Humanoid robot data · 14 June 2026

Data Modalities for Robot Training: What Each Signal Teaches

Robot training data is often sold as "multimodal," but more sensors do not automatically make a dataset better. A modality is useful when it explains a part of the episode the model needs to learn: what the robot saw, what state its body was in, what action was commanded, what contact occurred, what the task meant, and whether the attempt worked.

That is the difference between a nice demo clip and a training-ready robot dataset. Video can show that a drawer opened. Robot state and actions explain how the arm moved. Force or tactile data can show when the gripper caught, slipped, or overloaded. Language and outcome labels tell the model what the episode was trying to accomplish.

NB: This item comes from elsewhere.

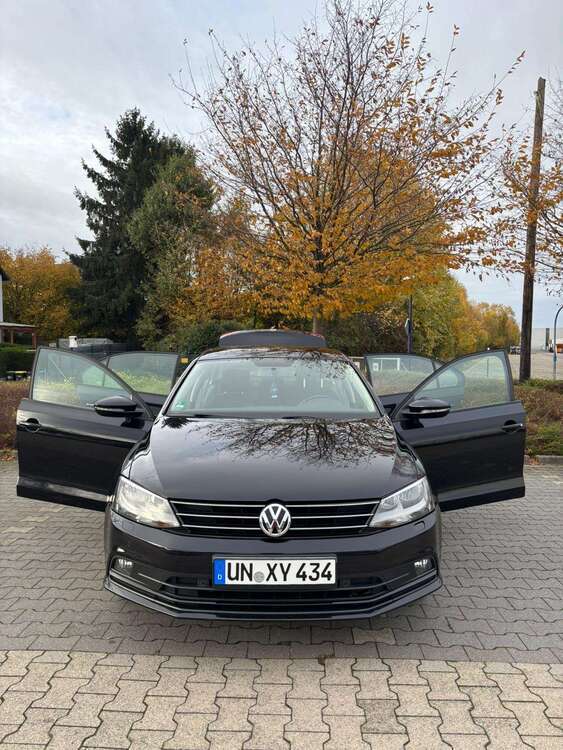 VW Jetta 186.500 km 5.950 € Holzwickede 59439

If you are new to the category, start with the broader guide to humanoid robot training data. This article goes one layer deeper: which data modalities matter, what each one teaches, and what buyers should ask before treating a modality list as evidence of quality.

The useful modality map

A practical robot training dataset usually combines several kinds of signal:

Vision: RGB video, depth, stereo, segmentation, point clouds, wrist views, head views, external views, or scene reconstructions.
Robot state: joint positions, velocities, torques, motor state, gripper opening, hand pose, end-effector pose, base pose, IMU, odometry, and coordinate frames.
Actions: the command sent to the robot or simulator, such as joint targets, Cartesian deltas, gripper commands, base velocity, whole-body commands, or low-level controls.
Contact: force-torque readings, tactile images, pressure maps, slip signals, collision events, and contact timing.
Task context: language instructions, object labels, scene metadata, subtask boundaries, success/failure labels, interventions, and recovery notes.
Provenance: capture method, robot embodiment, operator interface, simulator, timestamps, calibration, license, consent, and known limitations.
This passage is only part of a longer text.